El yo felisbertiano, tal y como lo caracterizara Sylvia Molloy, hace gala de un permanente desconcierto, su desagregación en diferentes espacios señala la imposibilidad de fijar ese yo en un lugar determinado. Es quizá en el reverso de esta permanente fragmentación de la primera persona que narra, que Molloy propone leer Tierras de la memoria como un intento de componer al yo a través de un ejercicio de rememoración (1982: 69-73).

Decir esto implica, por un lado suponer que algo así como el yo puede ser compuesto, y por otro, que el recurso a la memoria es el camino elegido para llevar a cabo una composición del yo que se resiste. Tales suposiciones la conducen a leer el texto como si allí se tratara del relato de un yo que aspira a lograr su delimitación, las penurias que sufre al intentarlo y el fracaso de composición que el final del texto demuestra. Entonces, un yo que se quiere unido y compuesto, fracasa en su aspiración a devenir uno. Cito una de las conclusiones de Molloy a este respecto: “El estado de desposeimiento del yo, al final de Tierras de la memoria, es completo: es un yo sin goce, sin expresión (...), sin palabra (...), sin escena. Y además es un yo sin mito.”(1982: 89)

La posición de entender al yo felisbertiano como siendo el fiel testigo de una carencia, con distintos matices y referencias teóricas, es un lugar común en las lecturas críticas que han intentado cernirlo. Brevemente, glosaré algunas de las posturas más relevantes a este respecto.

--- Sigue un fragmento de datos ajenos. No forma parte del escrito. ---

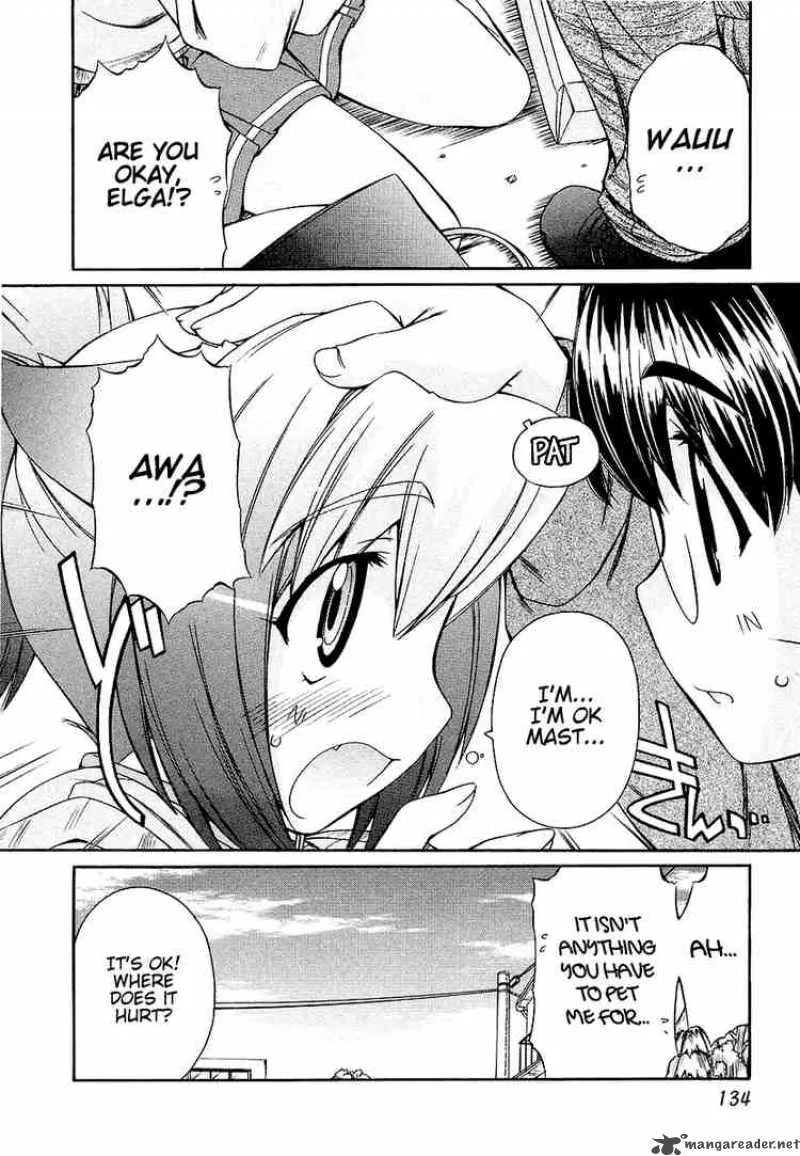 Inumimi Chapter 5 page 22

Para Roberto Echevarren, la pesadilla que el narrador-protagonista relata hacia el final de Tierras de la memoria, vendría a dar cuenta de una subversión de los códigos de verosimilitud que el texto utiliza hasta la emergencia del sueño. Y tal subversión provocaría en el yo del narrador una pérdida de sentido de la coherencia, de la unidad (1981: 53). Esta pérdida lo lleva a proponer que el sueño de angustia representa el sacrificio del yo que narra (1981: 60).

Para Alberto Giordano, los recuerdos en Tierras de la memoria insisten mientras se sustrae una representación del yo que recuerda. De ahí que la sorpresa del narrador-protagonista ante la emergencia de los recuerdos testimonie una insuficiencia. Como el yo que narra desconoce la causa de los recuerdos que le son dados a ver, su función es pues deficitaria (1992: 46-47).

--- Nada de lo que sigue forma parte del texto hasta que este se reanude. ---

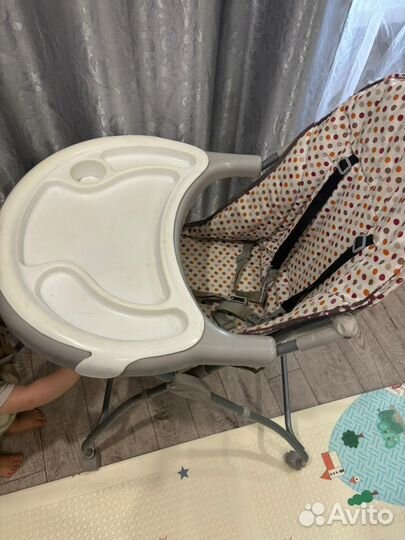 Стул для кормления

Enrique Pezonni, quien se refiere a la obra de Felisberto en general, arguye que el yo en tanto protagonista de esta literatura vive una carencia que se dedica a pormenorizar en sus distintos movimientos. Existe en el trasfondo de esta lectura un “ilusorio bien perdido”, y así el yo no haría más que detallar el fracaso en su empresa de autoapropiación. El argumento avanza hasta establecer los dos rasgos principales de esta carencia:

1) la rivalidad con el propio cuerpo, que se autonomiza y se fragmenta sin cesar para pulverizar toda posible instancia de sujeto único, coherente; 2) la dificultad para producir con el cuerpo algo que vuelva al sujeto dueño de sí y que le asegure un lugar en el cuerpo social. (1982: 216).

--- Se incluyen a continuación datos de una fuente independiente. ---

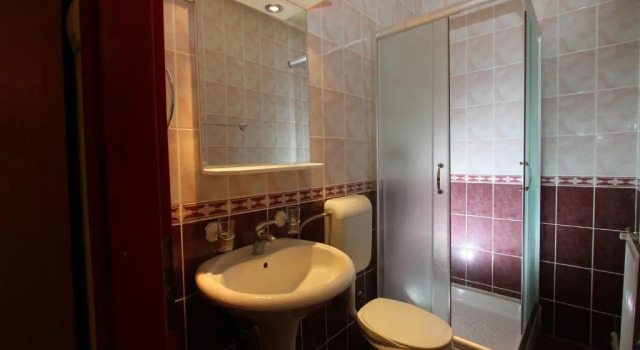 Номер Standard Aleksander A Inn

Finalmente, y a pesar de que para Ana María Barrenechea, Tierras de la memoria resulta uno de los textos menos interesantes de Felisberto, destaca en su lectura de El caballo perdido una concepción del yo en esta misma línea, pues propone leer al texto como una lucha por capturar la memoria y el tiempo pasado, por unificar un yo, un tiempo y un espacio dividido (1978: 186)[1].  La multiplicidad que es propia a la fragmentación que le adjudica a la instancia yoica, ocultaría, quien sabe dónde, una “secreta unidad” añorada por un “deseo de plenitud” que late en el corazón de sus textos, dirigidos hacia una “totalidad presentida” (1978: 192-193).

III. Imágenes del yo

El yo que atraviesa las composiciones de Felisberto no cumple su función, éste es el diagnóstico labrado por la crítica: no logra advenir uno y diferenciarse con el resto de los elementos, añora una hegemonía que le es esquiva. No controla sus ojos, ni sus manos, ni su cuerpo, ni mucho menos su memoria o esos pensamientos descalzos que suben a instalarse en su cabeza cuando se les da la gana.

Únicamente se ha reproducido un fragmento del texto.